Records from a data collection
● ● ● ●

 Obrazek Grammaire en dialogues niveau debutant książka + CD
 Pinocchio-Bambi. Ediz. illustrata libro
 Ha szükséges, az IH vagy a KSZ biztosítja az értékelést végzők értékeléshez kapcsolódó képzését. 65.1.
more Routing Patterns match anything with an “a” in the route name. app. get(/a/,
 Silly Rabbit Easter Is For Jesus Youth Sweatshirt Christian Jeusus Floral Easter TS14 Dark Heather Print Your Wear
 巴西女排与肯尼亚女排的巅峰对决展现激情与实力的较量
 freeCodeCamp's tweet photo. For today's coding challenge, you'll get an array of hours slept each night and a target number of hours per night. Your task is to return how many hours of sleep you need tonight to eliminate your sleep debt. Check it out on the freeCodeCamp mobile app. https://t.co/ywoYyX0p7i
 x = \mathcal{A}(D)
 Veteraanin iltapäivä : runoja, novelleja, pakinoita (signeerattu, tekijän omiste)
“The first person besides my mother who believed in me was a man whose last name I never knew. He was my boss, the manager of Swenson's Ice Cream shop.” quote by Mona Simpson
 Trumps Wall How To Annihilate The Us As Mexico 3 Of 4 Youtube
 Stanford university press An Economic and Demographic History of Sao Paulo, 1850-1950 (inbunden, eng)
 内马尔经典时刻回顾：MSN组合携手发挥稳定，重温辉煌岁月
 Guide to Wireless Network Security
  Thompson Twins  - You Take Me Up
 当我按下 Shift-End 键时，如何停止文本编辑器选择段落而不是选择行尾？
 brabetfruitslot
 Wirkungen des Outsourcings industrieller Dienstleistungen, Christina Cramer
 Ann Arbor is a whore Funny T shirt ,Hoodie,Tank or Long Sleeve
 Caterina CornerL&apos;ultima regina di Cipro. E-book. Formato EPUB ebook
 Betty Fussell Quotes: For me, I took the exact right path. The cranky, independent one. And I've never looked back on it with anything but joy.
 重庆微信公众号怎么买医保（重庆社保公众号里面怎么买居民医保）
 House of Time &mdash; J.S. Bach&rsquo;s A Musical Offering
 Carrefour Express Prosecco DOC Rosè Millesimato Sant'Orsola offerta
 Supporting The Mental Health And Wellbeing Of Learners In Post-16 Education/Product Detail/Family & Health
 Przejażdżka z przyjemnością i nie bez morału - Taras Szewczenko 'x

● ● ● ●

_WHAT YOU HAVE TO DO_.
From the records above, retype only the lines starting at the line that contains "内马尔经典时刻回顾：MSN组合携手发挥稳定，重温辉煌岁月" and ending at the line that contains "House of Time", both included.

_WRITTEN ANSWER_.
 内马尔经典时刻回顾：MSN组合携手发挥稳定，重温辉煌岁月
 Guide to Wireless Network Security
  Thompson Twins  - You Take Me Up
 当我按下 Shift-End 键时，如何停止文本编辑器选择段落而不是选择行尾？
 brabetfruitslot
 Wirkungen des Outsourcings industrieller Dienstleistungen, Christina Cramer
 Ann Arbor is a whore Funny T shirt ,Hoodie,Tank or Long Sleeve
 Caterina CornerL&apos;ultima regina di Cipro. E-book. Formato EPUB ebook
 Betty Fussell Quotes: For me, I took the exact right path. The cranky, independent one. And I've never looked back on it with anything but joy.
 重庆微信公众号怎么买医保（重庆社保公众号里面怎么买居民医保）
 House of Time &mdash; J.S. Bach&rsquo;s A Musical Offering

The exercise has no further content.